A subset of 911 calls reporting homicides are available on the Internet because they are high-profile crimes. The calls can be corroborated for ground truth by examining the associated court outcomes. Establishing ground truth is one of the most difficult aspects of research into deception detection [13]. Because initial homicide reports, subsequent investigations, legal proceedings, and judgments are covered widely by news media, it is possible to substantiate ground truth to a high degree of certainty for these types of 911 calls. Although 911 homicide calls represent an extremely small fraction of total 911 calls, they can serve as a proxy for calls made reporting other high-profile crimes such as arson, bomb threats, and sexual assault.

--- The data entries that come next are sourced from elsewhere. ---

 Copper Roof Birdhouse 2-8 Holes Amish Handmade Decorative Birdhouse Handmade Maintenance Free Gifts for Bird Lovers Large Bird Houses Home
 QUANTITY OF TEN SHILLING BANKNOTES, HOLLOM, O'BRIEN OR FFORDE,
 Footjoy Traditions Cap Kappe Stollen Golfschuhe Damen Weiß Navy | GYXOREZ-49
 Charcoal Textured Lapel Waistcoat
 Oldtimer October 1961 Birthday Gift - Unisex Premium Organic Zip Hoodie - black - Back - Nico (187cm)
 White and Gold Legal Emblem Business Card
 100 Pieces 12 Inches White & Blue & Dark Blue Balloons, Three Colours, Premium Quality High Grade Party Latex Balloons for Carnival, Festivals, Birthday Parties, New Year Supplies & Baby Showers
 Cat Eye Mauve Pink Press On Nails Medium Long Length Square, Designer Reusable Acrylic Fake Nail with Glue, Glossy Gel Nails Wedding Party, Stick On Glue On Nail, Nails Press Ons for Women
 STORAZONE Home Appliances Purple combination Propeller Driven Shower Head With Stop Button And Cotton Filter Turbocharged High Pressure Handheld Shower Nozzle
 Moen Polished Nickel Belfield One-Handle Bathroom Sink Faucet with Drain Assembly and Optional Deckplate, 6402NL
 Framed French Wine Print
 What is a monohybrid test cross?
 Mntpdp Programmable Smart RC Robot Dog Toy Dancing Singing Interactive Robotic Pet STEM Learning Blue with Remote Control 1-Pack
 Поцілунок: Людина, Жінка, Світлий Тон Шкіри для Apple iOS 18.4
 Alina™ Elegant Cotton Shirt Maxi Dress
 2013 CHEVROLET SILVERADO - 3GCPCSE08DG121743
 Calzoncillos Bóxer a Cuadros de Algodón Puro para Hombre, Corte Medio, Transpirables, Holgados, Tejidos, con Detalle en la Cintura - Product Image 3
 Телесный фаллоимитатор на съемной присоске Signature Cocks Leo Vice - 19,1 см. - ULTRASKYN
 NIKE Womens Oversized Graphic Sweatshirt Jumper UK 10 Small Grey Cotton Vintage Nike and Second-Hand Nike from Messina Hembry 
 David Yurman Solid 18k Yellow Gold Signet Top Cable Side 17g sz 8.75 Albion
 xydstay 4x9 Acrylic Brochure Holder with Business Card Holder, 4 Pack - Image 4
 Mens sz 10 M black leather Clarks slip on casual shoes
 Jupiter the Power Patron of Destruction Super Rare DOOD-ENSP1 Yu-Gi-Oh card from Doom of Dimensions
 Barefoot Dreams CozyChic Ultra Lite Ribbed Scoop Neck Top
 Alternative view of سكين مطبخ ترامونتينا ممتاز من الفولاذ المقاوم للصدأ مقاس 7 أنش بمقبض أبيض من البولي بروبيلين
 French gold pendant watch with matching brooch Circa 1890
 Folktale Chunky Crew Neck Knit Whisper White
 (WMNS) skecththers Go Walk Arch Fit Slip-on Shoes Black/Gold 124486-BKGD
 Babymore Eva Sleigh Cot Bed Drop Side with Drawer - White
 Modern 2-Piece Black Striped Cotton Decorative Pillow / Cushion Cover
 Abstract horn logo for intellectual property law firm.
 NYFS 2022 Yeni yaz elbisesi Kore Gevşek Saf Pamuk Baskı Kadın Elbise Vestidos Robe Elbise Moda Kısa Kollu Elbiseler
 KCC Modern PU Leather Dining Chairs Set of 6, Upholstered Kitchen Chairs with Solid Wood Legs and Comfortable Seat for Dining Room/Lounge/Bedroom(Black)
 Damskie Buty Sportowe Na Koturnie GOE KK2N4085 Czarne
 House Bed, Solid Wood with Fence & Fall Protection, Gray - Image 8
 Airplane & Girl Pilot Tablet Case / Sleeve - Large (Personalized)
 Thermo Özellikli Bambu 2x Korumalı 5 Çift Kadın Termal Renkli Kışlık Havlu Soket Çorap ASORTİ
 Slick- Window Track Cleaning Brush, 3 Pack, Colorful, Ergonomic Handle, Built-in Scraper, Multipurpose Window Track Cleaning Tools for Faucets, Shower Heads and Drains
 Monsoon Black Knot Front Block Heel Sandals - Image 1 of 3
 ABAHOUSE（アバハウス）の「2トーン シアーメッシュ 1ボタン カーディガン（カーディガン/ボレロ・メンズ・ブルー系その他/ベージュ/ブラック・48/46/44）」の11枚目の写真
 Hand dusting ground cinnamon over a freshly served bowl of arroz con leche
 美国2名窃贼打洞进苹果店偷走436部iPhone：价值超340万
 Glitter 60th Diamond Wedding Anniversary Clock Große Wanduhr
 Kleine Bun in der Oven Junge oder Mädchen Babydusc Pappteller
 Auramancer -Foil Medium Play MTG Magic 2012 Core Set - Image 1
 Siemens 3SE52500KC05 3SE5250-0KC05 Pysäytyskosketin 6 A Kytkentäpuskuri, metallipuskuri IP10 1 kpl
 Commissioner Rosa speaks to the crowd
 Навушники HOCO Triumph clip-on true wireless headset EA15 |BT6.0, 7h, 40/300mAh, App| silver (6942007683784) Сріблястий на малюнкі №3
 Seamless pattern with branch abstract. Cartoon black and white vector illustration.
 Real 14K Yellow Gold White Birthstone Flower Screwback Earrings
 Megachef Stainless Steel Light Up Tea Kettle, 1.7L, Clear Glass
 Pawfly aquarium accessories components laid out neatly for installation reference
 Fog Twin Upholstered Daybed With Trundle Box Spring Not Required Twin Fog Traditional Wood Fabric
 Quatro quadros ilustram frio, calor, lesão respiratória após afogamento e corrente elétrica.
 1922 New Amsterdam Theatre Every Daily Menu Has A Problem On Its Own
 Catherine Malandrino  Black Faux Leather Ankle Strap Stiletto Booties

Data mining techniques, including text mining, linguistic feature mining, and classification by text features, can be used to analyze the “caller side” of the transcripts of these calls. Text mining involves looking for hidden patterns or cues in texts, while linguistic feature mining refers to dissecting texts with respect to specific linguistic categories, such as words associated with positive affect. Text mining is a multidisciplinary research area that combines approaches used in the fields of computer science, linguistics, mathematics, communication, and psychology. It focuses on using computing power to process unstructured human language in spoken or written form [5]; furthermore, text mining has been used to process text data to discover linguistic cues or features in order to classify documents, including fraudulent versus non-fraudulent financial statements [14],[15] or deceptive versus truthful statements in instant messages, email exchanges, or person-of-interest statements [6]–[10],[16].

In this study, we applied linguistic feature mining to evenly matched (i.e., deceptive matched with truthful) transcripts of 911 homicide calls via Linguistic Inquiry and Word Count (LIWC). LIWC 2007, a general-purpose psychosocial linguistic dictionary comprising 4,500 words and word stems, has been used by researchers to quantify linguistic cues for deception [16]–[19].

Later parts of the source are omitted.